Provided records -
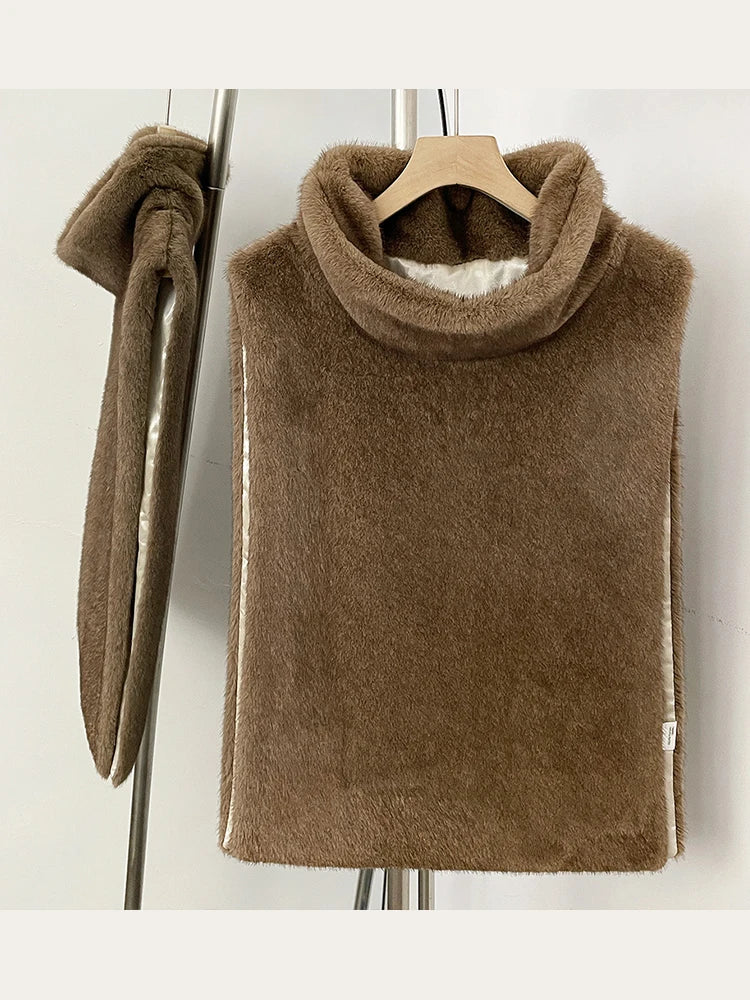 Women's faux fur vest in beige, front view

Women's plush faux fur vest with matching belt

Women's brown faux fur vest, sleeveless design

Women's faux fur vest with long front and short back

Close-up of plush faux fur vest texture

Women's faux fur vest styled with a long-sleeve top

Work item - Output the entries exactly as they appear, with no pictures included.

Result -
 Women's faux fur vest in beige, front view

Women's plush faux fur vest with matching belt

Women's brown faux fur vest, sleeveless design

Women's faux fur vest with long front and short back

Close-up of plush faux fur vest texture

Women's faux fur vest styled with a long-sleeve top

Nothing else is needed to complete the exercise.